Without the pictures, set down every line of the data exactly.

### Given material:
↓
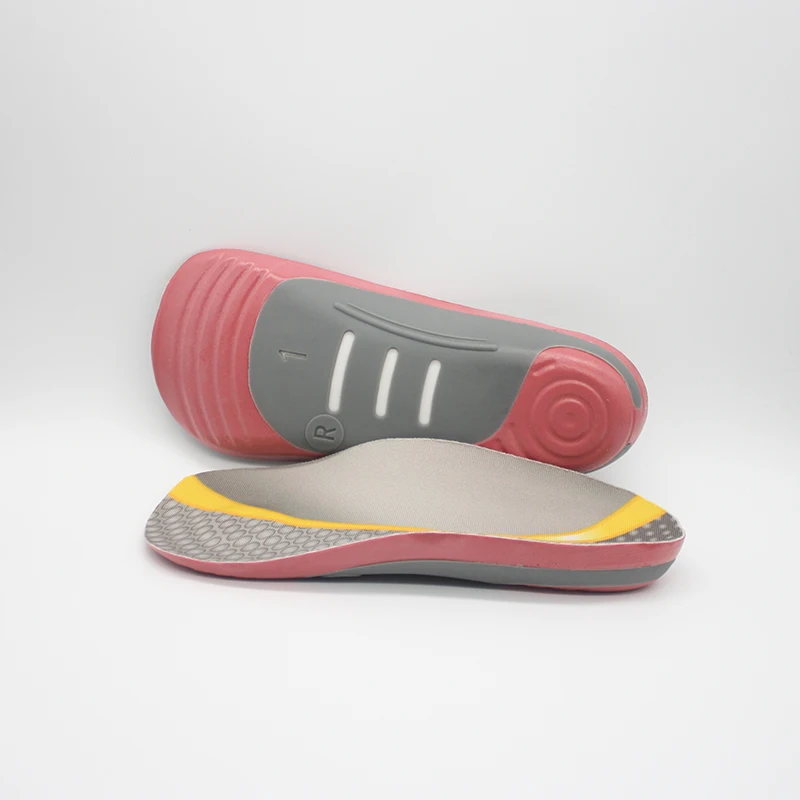 Orthotic Fallen Arches Support Insole Sports Silicone Gel Insoles Arch Support Orthopedic Sports Massaging Silicone Gel Insoles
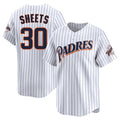 STECN S.Diego Padres #30 Gavin Sheets Player White Cooperstown Collection Limited Home Stitched Jerseys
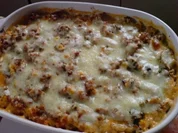 Rezept: Gehacktes Reisauflauf Gehacktes Reisauflauf - Rezept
↑
### Answer box:
 Orthotic Fallen Arches Support Insole Sports Silicone Gel Insoles Arch Support Orthopedic Sports Massaging Silicone Gel Insoles
 STECN S.Diego Padres #30 Gavin Sheets Player White Cooperstown Collection Limited Home Stitched Jerseys
 Rezept: Gehacktes Reisauflauf Gehacktes Reisauflauf - Rezept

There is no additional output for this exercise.